-------- Data supplied

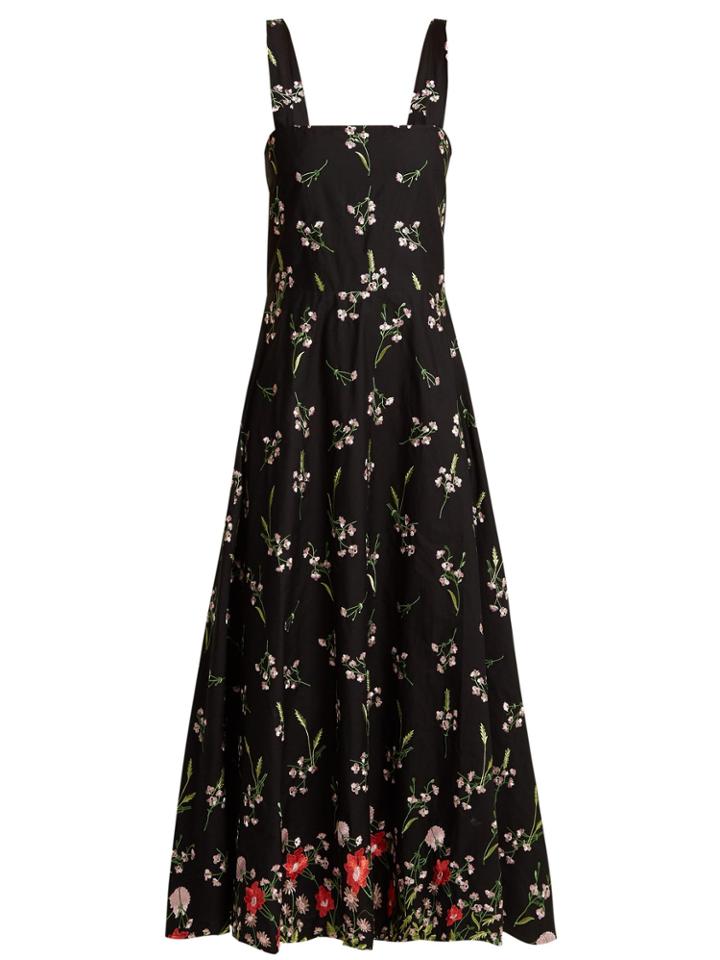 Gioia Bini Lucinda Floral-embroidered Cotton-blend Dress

----------------
-------- Data supplied

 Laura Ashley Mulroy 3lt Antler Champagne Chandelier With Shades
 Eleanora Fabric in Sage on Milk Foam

----------------
-------- Data supplied

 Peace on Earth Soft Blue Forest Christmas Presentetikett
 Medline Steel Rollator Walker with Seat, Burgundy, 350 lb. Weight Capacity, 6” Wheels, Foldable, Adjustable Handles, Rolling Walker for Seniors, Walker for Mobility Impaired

----------------

Work instructions →
Write down exactly the span of lines above from the one containing "Laura Ashley Mulroy" to the one containing "Eleanora Fabric in Sage on Milk Foam", both ends included.

Your solution →
 Laura Ashley Mulroy 3lt Antler Champagne Chandelier With Shades
 Eleanora Fabric in Sage on Milk Foam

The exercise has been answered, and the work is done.